Bank Settles $27M Suit For Misleading Auto Loans, 4 Ways to Steer Clear of Predatory Practices

According to the Huffington Post,  JPMorgan Chase recently agreed to pay a $2 million fine to the Office of the Comptroller of the Currency that regulates banks and distribute $25 million to customers who were misled by auto loan officers to purchase additional credit protection.

From January 2008 through May 2009, JPMorgan Chase sales staff steered consumers into purchasing credit protection, which drove up their monthly notes. The Office of the Controller of Currency alleged that the bank's sales staff used high-pressure tactics such as using a script provided by the bank to include rebuttals for when customers balked at purchasing credit insurance.

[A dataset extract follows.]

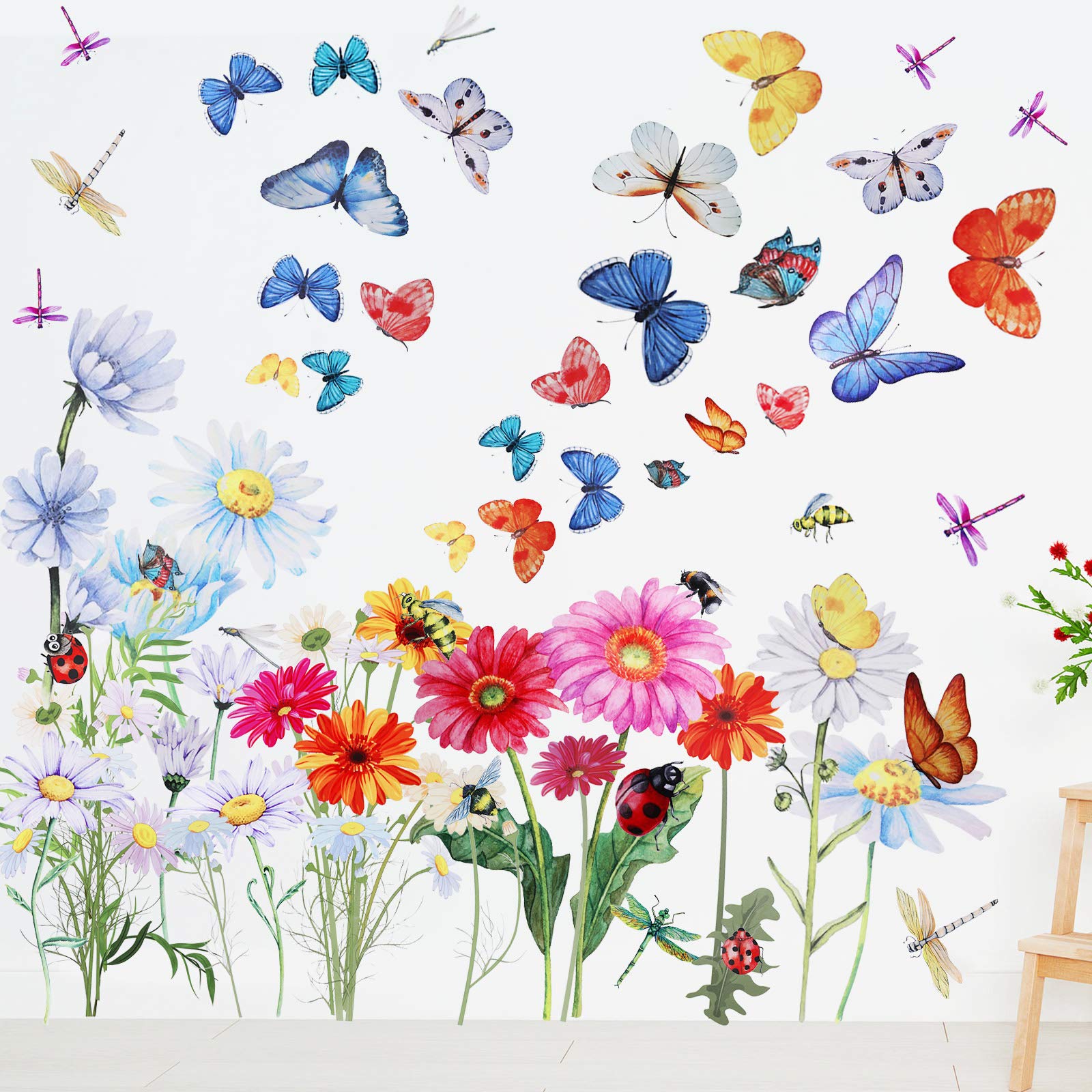 64 Pcs Flowers Butterflies Wall Decals Chrysanthemums Dragonflies Wall Sticker Botanical Peel and Stick Art Removable PVC Garden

The bank would usually make their money off of the credit protection when unemployment or death occurred with the borrower.

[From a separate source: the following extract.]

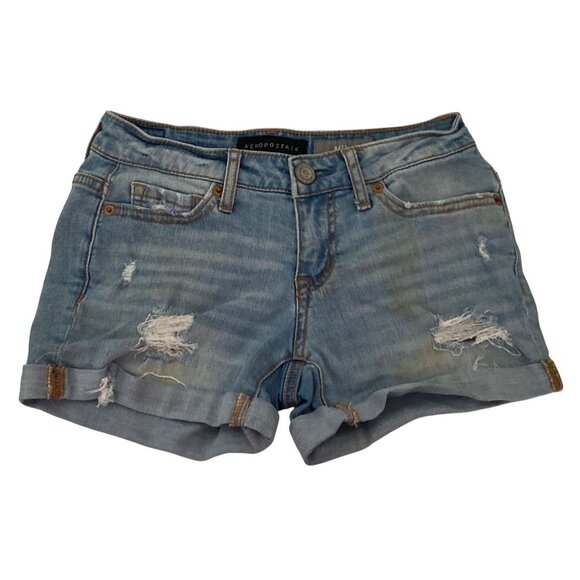 Lot of 2 Denim Shorts Blue 5 Pocket Arizona Jean Co, Aeropostale MIDI Grunge Wom - Picture 2 of 16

JPMorgan Chase is not the only institution that's guilty of such deceptive practices. They just happened to get caught. Ed Voyles Honda in Atlanta refused to give a customer with excellent credit a low-interest rate that was being offered by the automaker. The finance manager made more money off of the deal by stretching out the loan and offering a higher rate. Now while this gave the customer a lower monthly payment, consequently, it drove up the overall cost of the loan by approximately $800.

And Delta Credit Union based in Atlanta allowed a customer with great credit to skip close to a year's worth payments, which are also known as payment holidays, over the seven-year term of the loan. Thus, now that the customer is ready to trade-in their that gas-guzzling SUV for a fuel-friendly crossover, a car-based utility vehicle, they find that they are upside-down, owing more than what the vehicle is worth, by close to $20,000. While you can't really faught the credit union, the customer should have been warned of the risk of the payment holidays and the seven-year loan. (Read  "A New Trend in Auto Financing: Car Mortgages?")

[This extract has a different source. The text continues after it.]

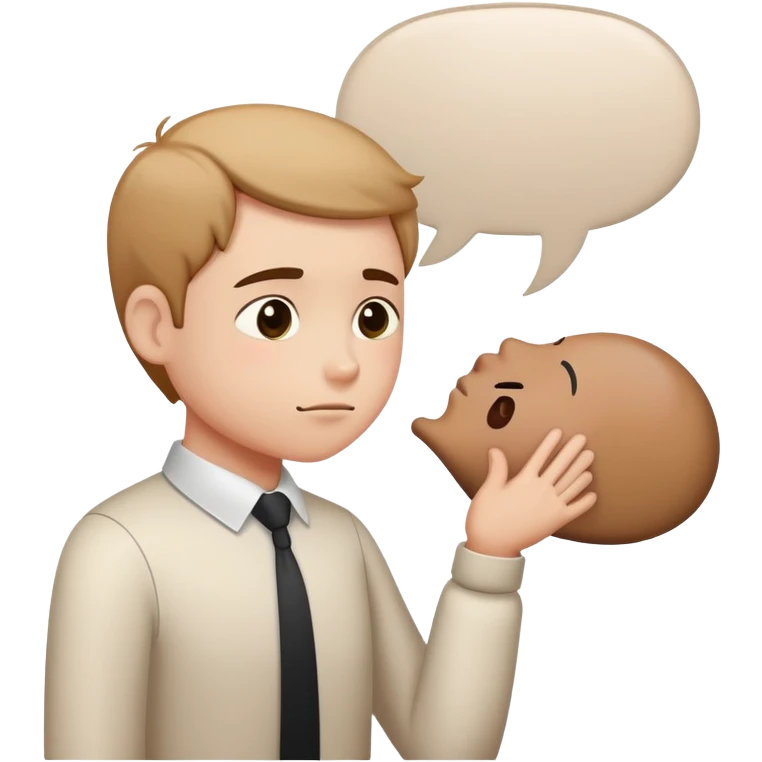 Person bowing politely with a small speech bubble that says thank you emoji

So as you can see, banks and credit unions may not actually be working in your best interest. In order to avoid being steered in the wrong directions, here's what we recommend:

  • Get Pre-Approved using a bank, credit union or online auto finance tools that can be found on our website -- before heading to a dealership. Just like you shop around for the best price on a vehicle, you should also shop around for the best financing terms and interest rates. Read "Who Should Provide Your Auto Financing?
  • Pull your credit score. Your credit score drives your rate.
  • Avoid stretching your payment out to six or seven years. Not only do you put yourself in an upside-down situation, but aren't you really buying more vehicle than what you can really afford?
  • Stick to your guns. Don't allow the finance manager (lender) to stretch you beyond what you can afford. Get the interest rate you know you qualify for. Even with questionable credit, you should rate shop. The difference is that you should be bringing some money to the table to help put you in the driver's seat.
By following these tips, this should help to keep you in the driver's seat.